### Information provided:

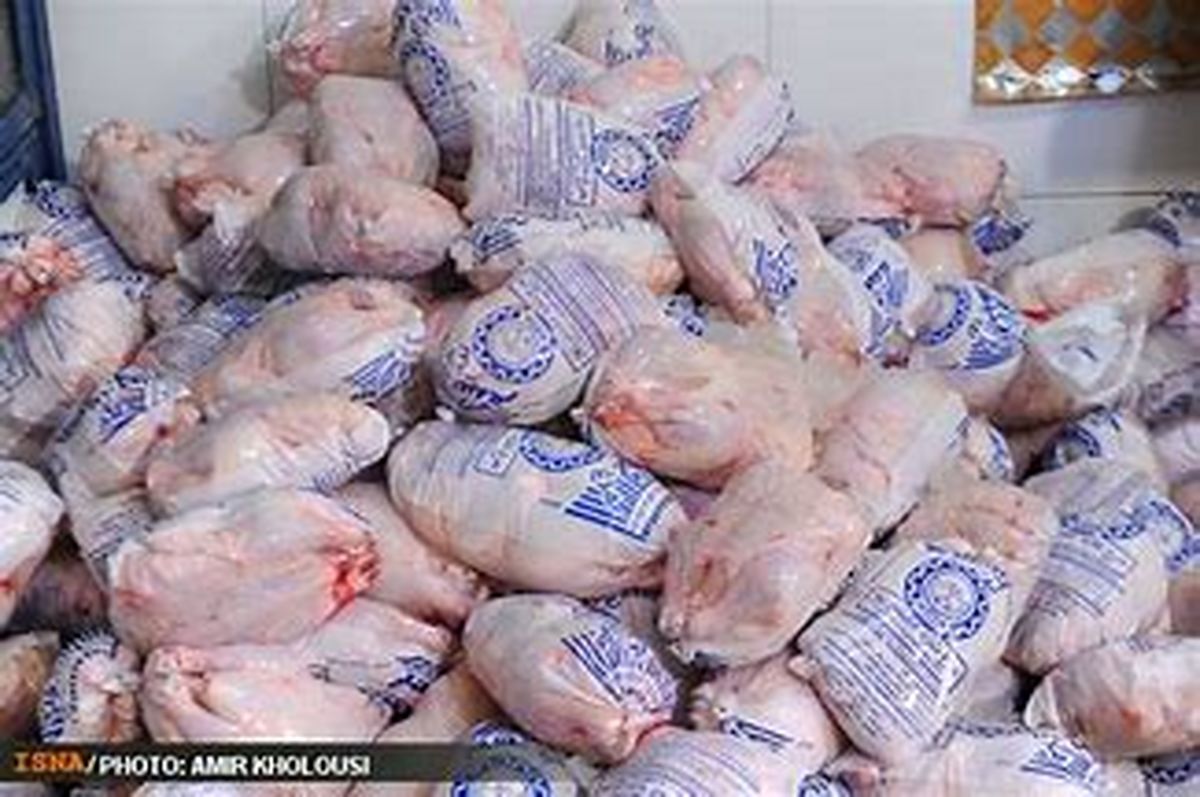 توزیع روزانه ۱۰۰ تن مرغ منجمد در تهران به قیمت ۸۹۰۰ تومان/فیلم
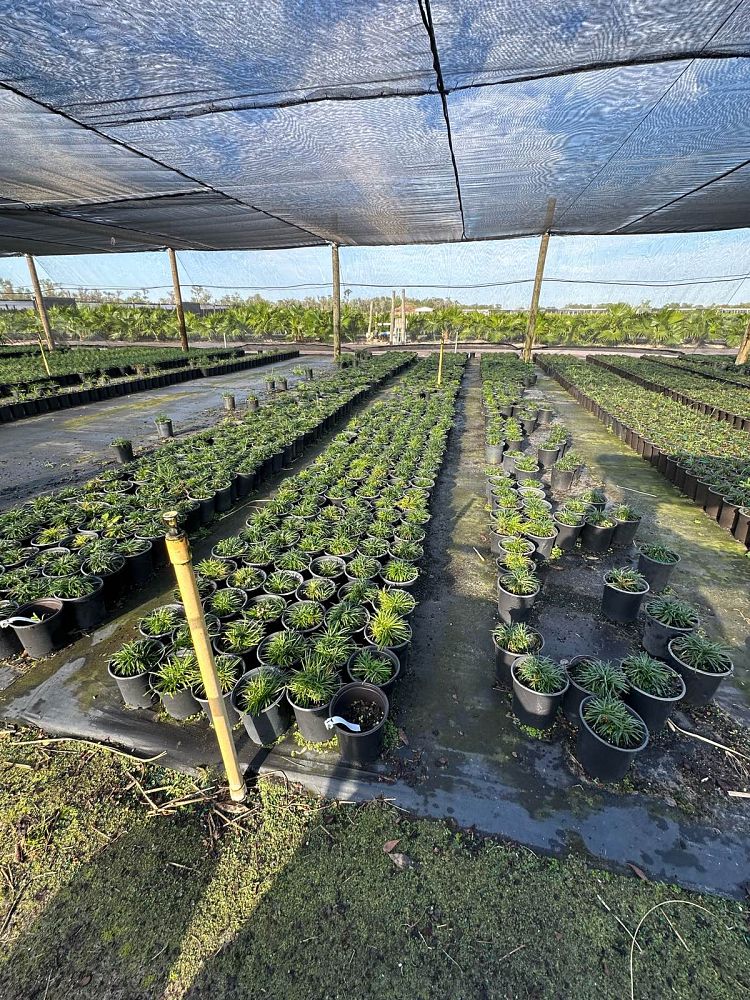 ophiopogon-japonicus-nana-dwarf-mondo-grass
--
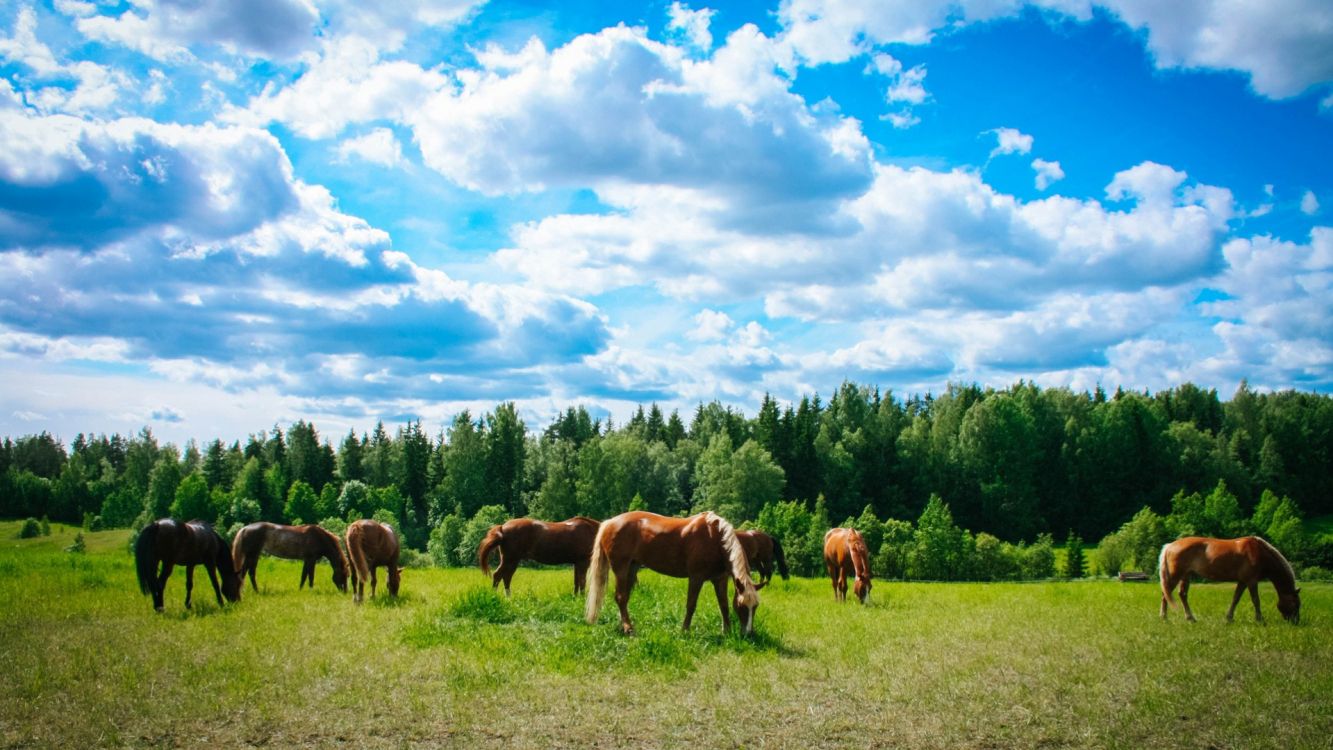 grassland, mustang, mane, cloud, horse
--
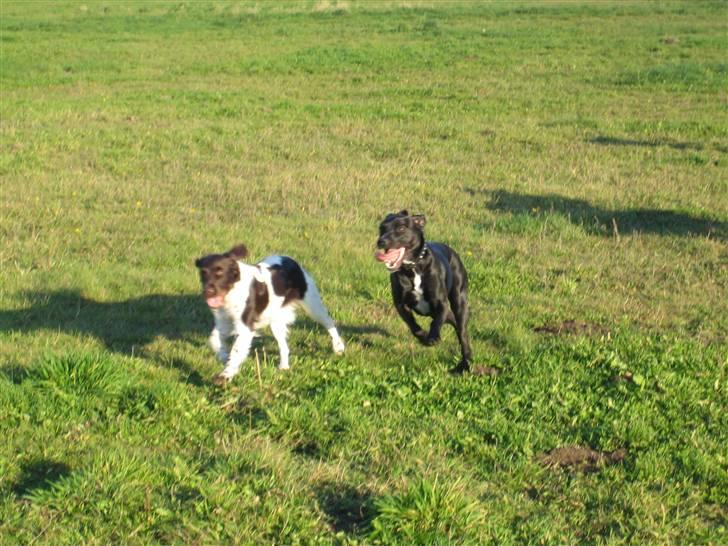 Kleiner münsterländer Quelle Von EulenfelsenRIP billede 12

### Task objective:
Your reply should consist solely of the lines above from the line containing "توزیع روزانه ۱۰۰" up to and including the line containing "ophiopogon-japonicus-nana-dwarf-mondo-grass", reproduced exactly, minus the pictures.

### Answer below:
 توزیع روزانه ۱۰۰ تن مرغ منجمد در تهران به قیمت ۸۹۰۰ تومان/فیلم
 ophiopogon-japonicus-nana-dwarf-mondo-grass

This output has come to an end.